Llŷn ‘Beverly Hills’ house extension referred to Cardiff-appointed inspectors after second rejection
Gareth Williams, local democracy reporter
A twice rejected application to extend a home overlooking a Llŷn town has been referred to the Planning Inspectorate for a final decision.
Described by one councillor as “more suited to Beverly Hills than Mynydd Nefyn,” Gwynedd Council’s Planning Committee went against the advice of officers and refused proposals to refurbish and extend Tan-y-Mynydd on two separate occasions.
But the final say will now be made by Cardiff-appointed inspectors after an appeal was launched against the councillors’ decision.
The proposals included the refurbishment and extension of the house, including demolishing an existing outbuilding, for a rear two-storey extension and a glass side extension.
Relocating a stone wall in order to create a parking and turning area, it would also see a balcony on the gable-end of the existing house.
But when first discussed in September 2020, Cllr Gareth Jones described the “overbearing” plans as “suitable for the slopes of Beverly Hills but not Mynydd Nefyn.”
In turning down the original application, councillors justified the decision by claiming it would lead to a detrimental overdevelopment of the site in a prominent position in the landscape and bordering the Llŷn Area of Outstanding Natural Beauty (AONB).
This, they said, would result in “appearance, scale, mass and treatment of elevations incompatible with the character of the area.”
But the appeal documents submitted by Mr Warren Hadlow note that while he decided to amend the original plans rather than launch an immediate appeal – including the use of white render to be “more in keeping with surrounding buildings and true to the existing building” – the adjusted plans were also turned down on the basis of “overdevelopment” and a detrimental impact on the Llŷn AONB.
Summing up, Mr Hadlow’s statement goes on to claim that councillors were “influenced” by “non-material considerations,” despite previously stressing that the home would not be used as a holiday home amid an intention to set up their family home in the Nefyn area.
“It should be noted that from the debate at Planning committee, members referred to a number of non-material considerations and were arguably unduly influenced by them in reaching a decision to refuse,” he wrote.

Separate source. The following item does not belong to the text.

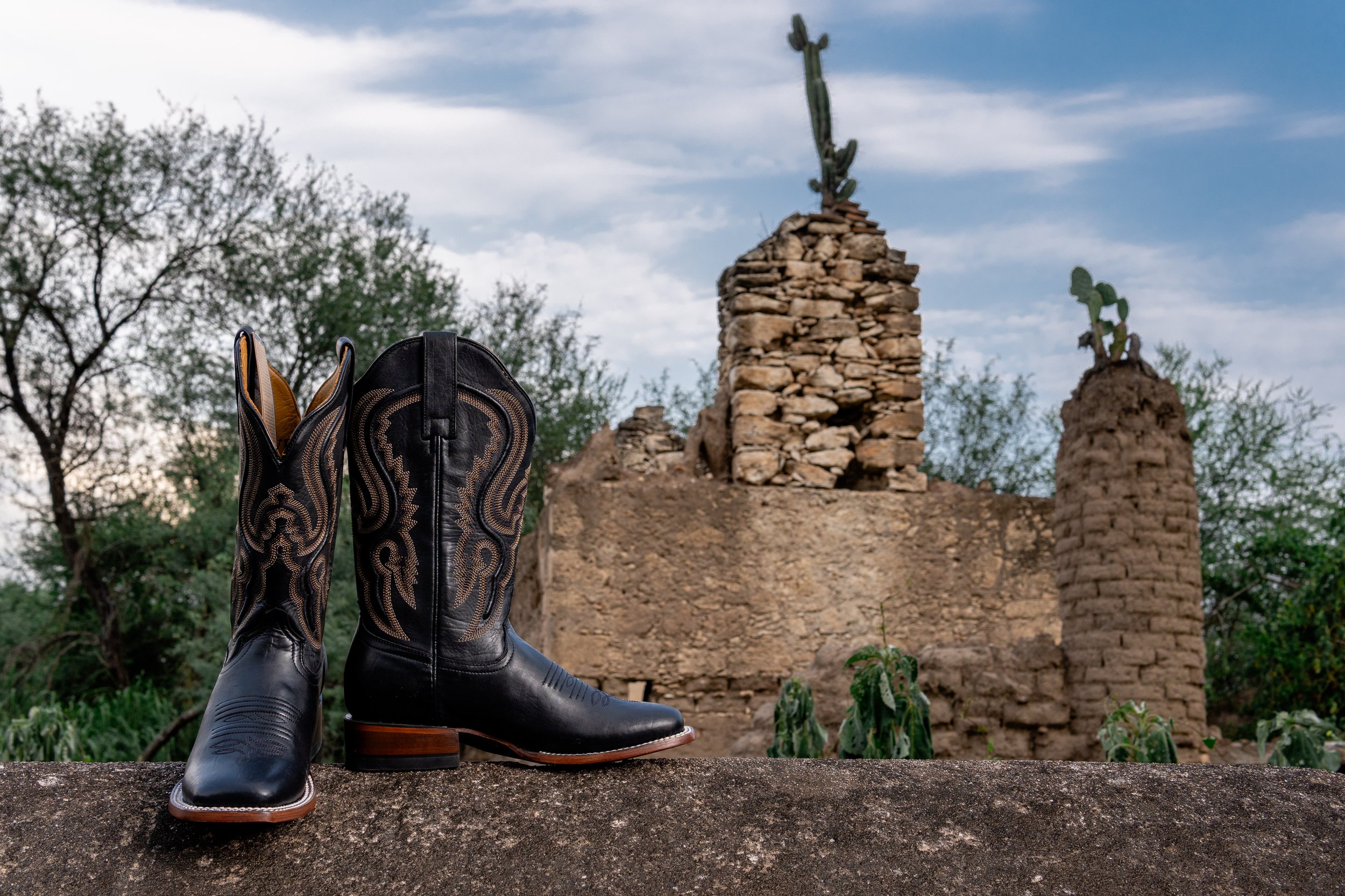 Botas Vega (40 de 81).jpg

“For instance, the holiday/second home issue (which incidentally does not apply here as its intended to be a permanent residence), and the potential uplift in financial value etc which are non-material considerations.
“It appeared that these non-material issues had strongly influenced their decision to refuse and it was only after the Planning Officer advised and reminded them that they needed clear planning reasons, was it refused on visual impact grounds.”
It concluded, “This is not a new dwelling within an isolated and visually prominent location, but an extension to an existing dwelling which lies within an area of sporadic development including 3 nearby caravan sites.
“The design solution has been carefully worked up with the Planning Officers who supported the scheme and found no harmful impact upon the wider visual amenities of the area.”
Speaking during June’s Planning Committee meeting, however, Morfa Nefyn councillor Gareth Jones claimed that people “would forever wonder how the development was awarded planning permission,” were they to green light the plans.
Neighbouring Nefyn ward councillor, Gruff Williams, added: “We have a statutory duty to protect the AONB and what we have at present on Mynydd Nefyn is a series of historic white cottages.
“What we don’t need here is over-development and impacting the views in and out of the AONB. “We know what happened at Plas Pistyll, this gentrification simply has to stop.”
A final decision is expected by the Planning Inspectorate over the coming months.
Gwynedd Council has been approached to comment.